Their are several candidates for the role of head basher. Noakes niece, the next neighbour, the local mechanic, the vicar, the handyman, and even the police constable on the local beat, all had reason to wish this arrogant old man dead, whether due to his habitual blackmail, ongoing disputes, or just his miserly manner. Noakes was a very unpopular character and few mourn his passing, though all are very surprised to discover that his supposed wealth was a fiction and that he was actually quite bankrupt.

Peter and Harriet slowly grow into their new relationship, as they follow the clues and chase sold-off antique chimney pots across the countryside, but it isn’t until a chance comment by the vicar starts Lord Peter’s brain whirling, that the mystery is finally unravelled. And not a moment too soon – the movers have just arrived to seize Noakes possessions – which means the evidence is headed out the door. The entire ensemble then come on stage, in true mystery play fashion, for Lord Peter’s final denouement.

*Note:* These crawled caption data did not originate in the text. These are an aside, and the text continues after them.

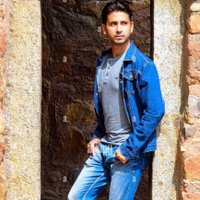 Suman Roy (@sumanroy79407) 's Twitter Profile
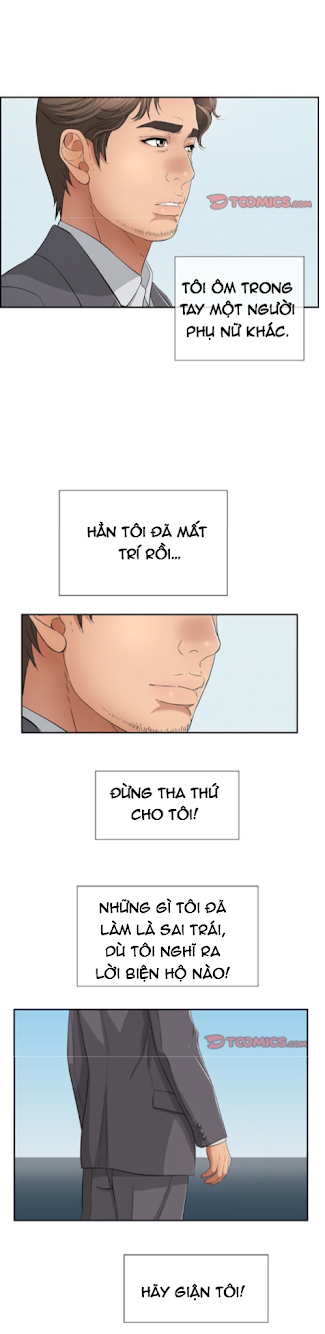 a killer woman chapter 26 6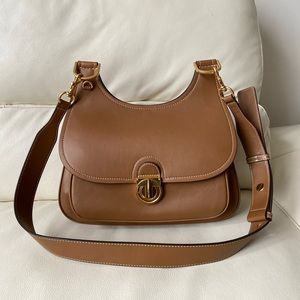 Tory Burch Bag
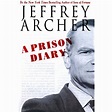 Best 8 Books About Prison Life (Written by Prisoners) - Soapboxie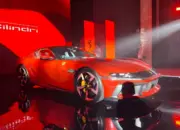 Ferrari Approved: Jaminan Mobil Bekas Ferrari Tetap Berkinerja Maksimal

This locked room puzzle is actually one of the better Golden Age creations in this sub-genre, though it is hardly surprising that the victim had to finish his own murder by falling down the stairs, in what must be considered as a rather foolhardy plot, that may well have turned out badly for the murderer, if the steps had not conveniently finished the job!

This is a very hard mystery to rate, as it is more of a play and a no-nonsense love story, entwined with an excellent short story puzzler, than it is a typical murder mystery novel. For us staunch fans of Lord Peter, it will always be a full fledged five star mystery, well earned by its role as the final act of the Lord Peter story. Purely rated as a mystery it is probably only a solid four, but it is a great locked room tale and I am an unabashed fan – so five stars is awarded.

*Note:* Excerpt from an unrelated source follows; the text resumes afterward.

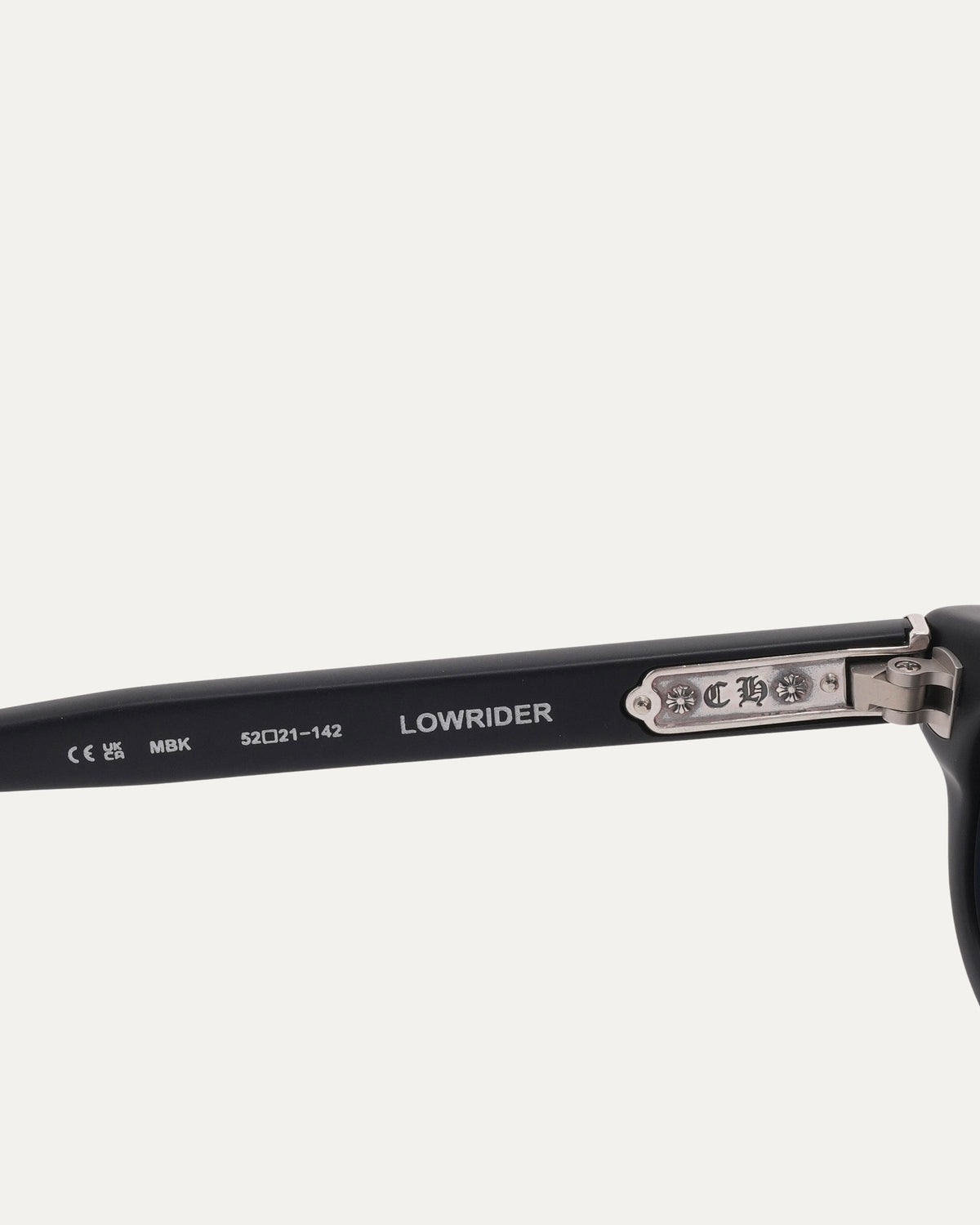 Lowrider Sunglasses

One final note, the Lord Peter Wimsey novels are generally good stand alone stories and it is not overly important that they be read in order. However, with the four Harriet Vane stories, order becomes critical. Start with ‘Strong Poison’, follow it with the excellent ‘Have His Carcase’, then move on to ‘Gaudy Night’, and finally ‘Busman’s Holiday’. If you read them in order, chances are you will agree with my rating, if not, there is a strong possibility that ‘Busman’s Holiday’ will prove to be somewhat less enchanting.